For User-defined point source enter the Point source location rsrc (SI unit: m).
For Solar radiation see Solar Radiation for information about the options.
Angular Perturbations
If User-defined direction or Solar radiation is selected from the Incident ray direction vector list, select an option from the Corrections for finite source diameter list — None (the default), Create light cones at release points, or Sample from conical distribution.
For None no perturbation to the initial ray direction is applied.
For Create light cones at release points a cone-shaped distribution of rays is released at each point. Enter a value for the Number of rays in wave vector space (dimensionless) Nw (dimensionless). The default is 50. A cone-shaped distribution containing Nw rays is released at each point, which may cause a very large number of rays to be released.
For Sample from conical distribution a single ray is released at each release point. This ray is given a random perturbation with uniform probability density within a cone-shaped distribution in wave vector space.
For Create light cones at release points and Sample from conical distribution, specify the Maximum disc angle Ψm (SI unit: rad). The default is 4.65 mrad.

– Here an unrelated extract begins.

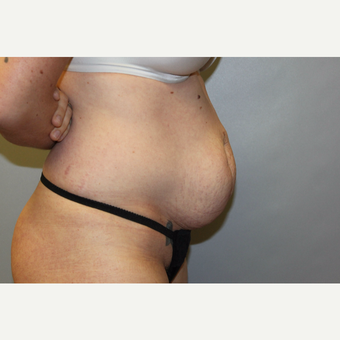 25-34 year old woman treated with Tummy Tuck before 3529255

For Create light cones at release points and Sample from conical distribution, select a Limb darkening modelNone (the default), Empirical power law, Linear, or User defined. The limb darkening model is typically used to reduce the intensity of solar radiation that is released from the periphery of the solar disk, relative to radiation that is released near the center. For Linear enter a Limb darkening coefficient β (dimensionless). The default value is 0.8. For User defined enter a Limb darkening coefficient fL (dimensionless). The default value is 1.

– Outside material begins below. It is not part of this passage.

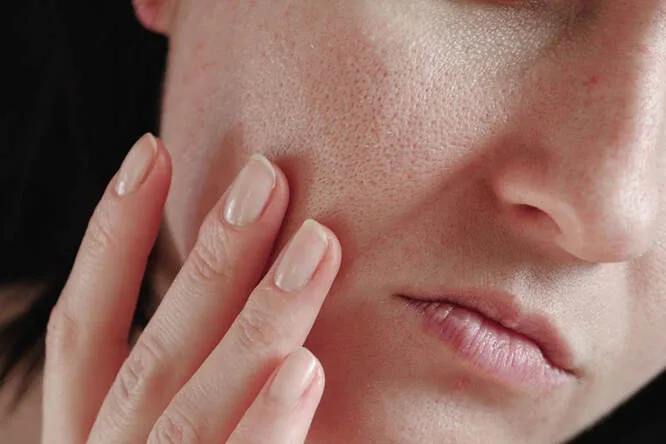 dryskin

Select the Include surface roughness check box to include an additional perturbation term based on uncertainty in the orientation of the surface normal, which is common in imperfect reflecting surfaces. Enter a value or expression for the Surface slope error σφ (SI unit: rad). The default is 1 mrad. The surface normal is then perturbed by a random angle, which is sampled from a Rayleigh distribution.
Incident Ray Intensity
This section is available when the Intensity computation is set to Compute intensity, Compute intensity and power, Compute intensity in graded media, or Compute intensity and power in graded media in the physics interface Intensity Computation section. Enter a value for the Incident ray intensity Ii (SI unit: W/m2). The default is 1000 W/m2.
Total Source Power
This section is available:
when the Intensity computation is set to Compute intensity or Compute intensity in graded media under the physics interface Intensity Computation section, and
when Spherical, Hemispherical, or Conical is selected as the Ray direction vector.
It is also available when the Intensity computation is Compute intensity and power or Compute intensity and power in graded media under the physics interface Intensity Computation section, and any choice of Ray direction vector displays this section.
Enter a Total source power Psrc (SI unit: W). The default is 1 W. In 2D, instead enter the Total source power per unit thickness Psrc (SI unit: W/m). The default is 1 W/m.